When you hear something you don’t understand, the natural reflex these days is to resort to a web search to learn what is going on. But what if the thing you are googling turns out to be a Google barge on the Portland waterfront that Google does not want you to know about? Hmmm…
Turns out you can still learn a lot by following the spidery threads of the web.
About three weeks ago, a tug towed a big barge into Rickers Wharf Marine Facility on the Portland waterfront piled high with what looked like — and turned out to be — a four-story-high stack of shipping containers welded together with narrow slits that could be … windows, cooling vents or what? Peter Vigue, CEO of Cianbro, which owns Rickers wharf, and who is known for leading innovative, never-been-done-before projects such as building an offshore drilling rig at its Portland wharf, was “not at liberty to discuss the project.”
It turns out the company that hired Cianbro to complete the interior of the new barge is the company that wants to make all the world’s information available to everyone all around the world, except for its own. But these days secrets are getting harder to keep.
A week after the barge arrived in Portland, information began leaking out that Google owned the mysterious barge structure and another identical one in San Francisco, causing the company to issue a press release that said, “Although it’s still early days and things may change, we’re exploring using the barge as an interactive space where people can learn about new technology.”
Because my wife and I had just returned from visiting two of our sons and daughter-in-law in San Francisco when the barge story broke, we were perhaps more than usually sensitive to the digital divide between those living in the dazzling silicon light of the West and those of us clinging to the inscrutable East. The great American essayist Edward Hoagland famously wrote that it’s essential for Americans, in their 20s, to figure out if they are easterners or westerners because the cultures are so different.
We spent five wonderful days constantly amazed at the vast cultural distance between Maine and California. A few years ago, after our oldest son — a computer game designer — moved to California, he called me to report that he had been there two weeks and was concerned he had not yet received a job offer. I told him to hang in there; it’s a tough world. But then he had three job offers after another two weeks. His wife, our daughter-in-law, works for an urban forestry company that develops innovative ways to keep city trees alive (really?), while launching a new blog on life’s daily challenges as a 20-to-30 something.
Our other son is an architecture graduate working in the warehouse district of San Francisco designing (I kid you not), “interactive space where people can learn about new technology.” The company he works for combines expertise in both design and engineering, and has developed software and hardware components to repurpose industrial robots towards creative ends. The engineering wing of the studio, Bot & Dolly produced much of the cinematography on the new Warner Brothers movie Gravity, and continues to develop a new genre of camera work you could almost not imagine. So maybe the mystery barges will unite us — East and West.

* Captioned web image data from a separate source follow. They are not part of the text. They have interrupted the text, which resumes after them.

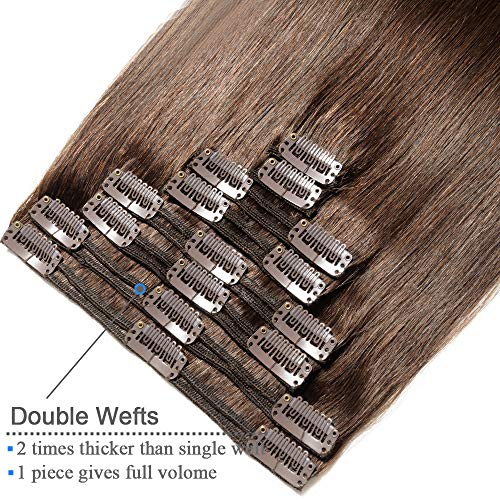 Elailite Extensiones de Cabello Natural Clip Pelo Humano Remy Mujer - 40cm (130g) #02 Marrón Oscuro -[Double Wefts] Muy Gruesas Mechas Mujer Clips Human Hair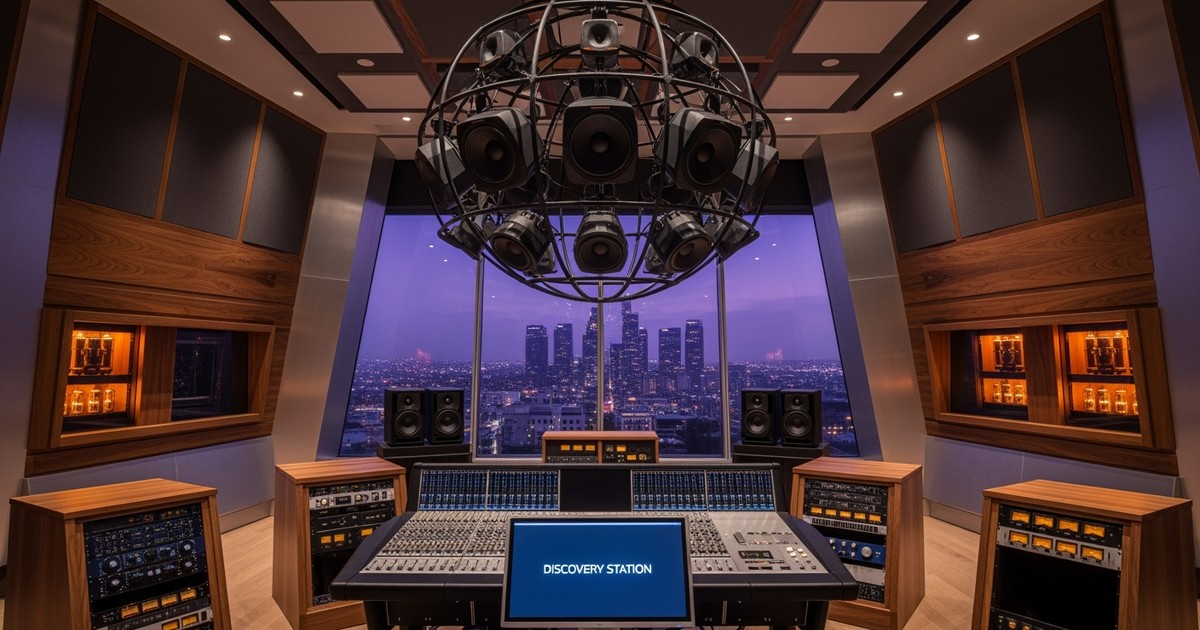 Wide cinematic interior shot of the new 15,000-square-foot Apple Music studio hub in Los Angeles, featuring spatial audio speakers and city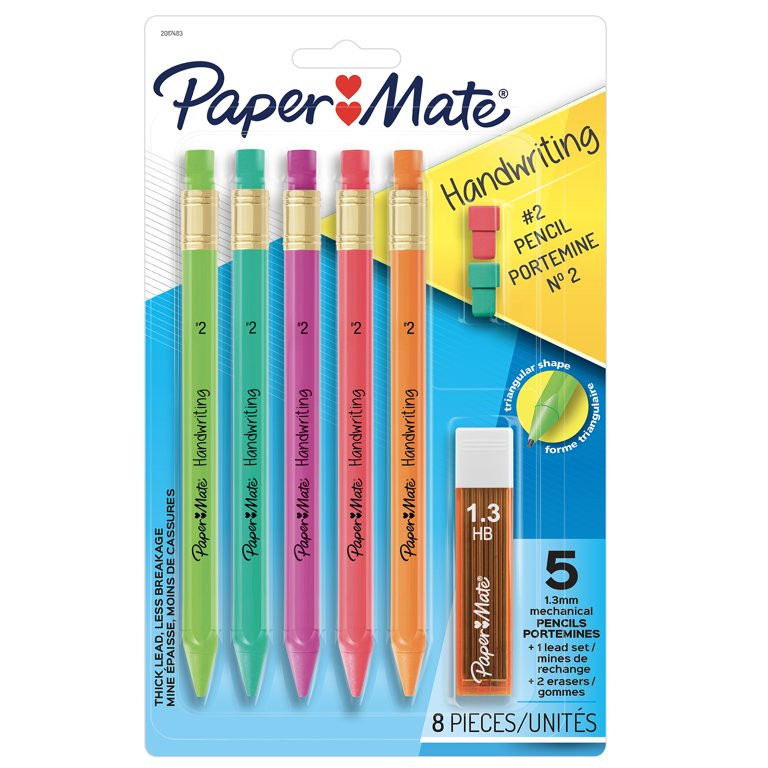 Paper Mate Handwriting Triangular Mechanical Pencils, HB #2 Lead (1.3mm), Fun Barrel Colors, 5 Pe... | Walmart (US)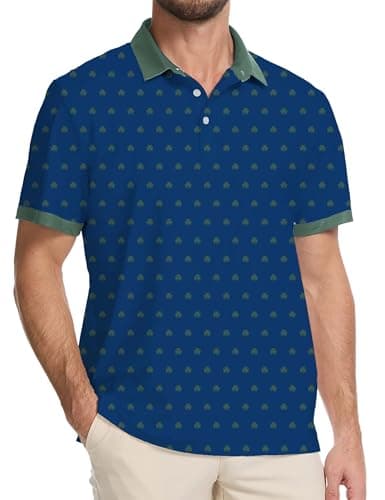 Actflare St Patricks Day Shirt Men Golf Shirts Dry Fit Moisture Wicking Short Sleeve Performance Print Polo Green Collar Green Collar,L - Image 1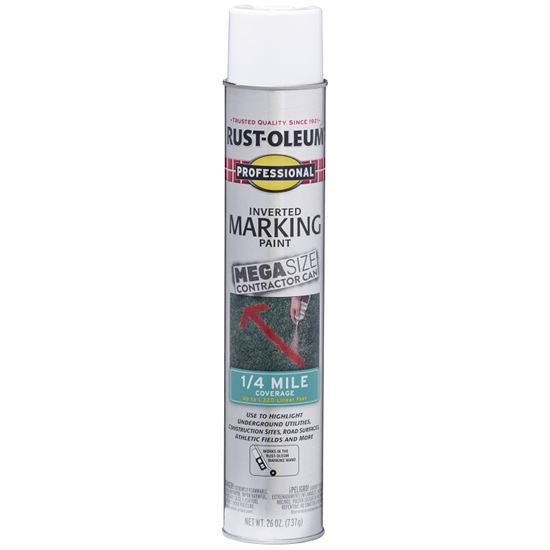 Professional 350997 Inverted Marking Spray Paint, Flat/Semi-Gloss, White, 26 oz, Can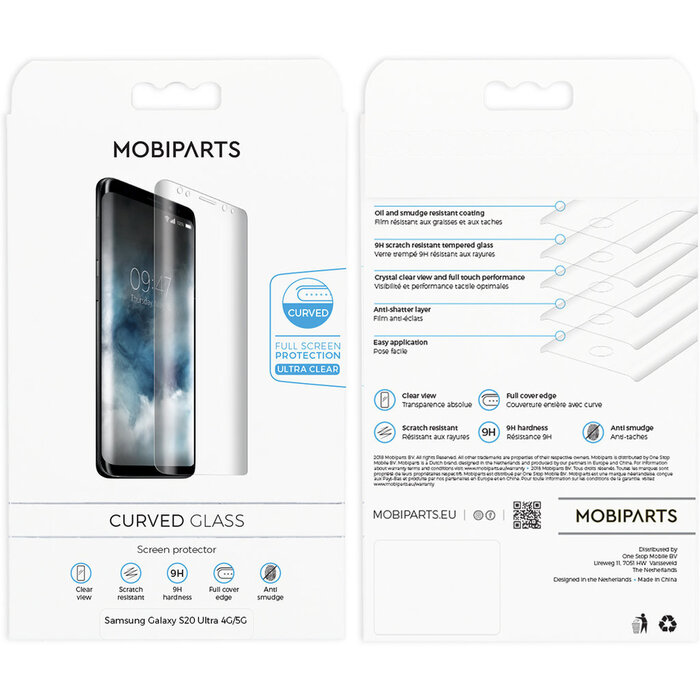 Mobiparts Mobiparts Curved Glass Screenprotector voor Samsung Galaxy S20 Ultra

Through a Freedom of Information Act request, the wire service Reuters determined that the shipping containers on San Francisco and Portland barges will house a 13,276-square foot studio space, along with a rooftop deck and catwalks. Google’s information package suggests that, when finished, “this curious and visually stunning structure … will complement its surroundings … with decorative sails that are reminiscent of fish fins.” The Portland barge will sail down the East Coast and be part of a small fleet of luxury event spaces that are designed to be disassembled and transported by barge or train to other locations.
I can just hear the Cianbro guys on the Portland barge, who must have all signed non-disclosure agreements, saying to themselves, “This isn’t the waterfront your father worked on.”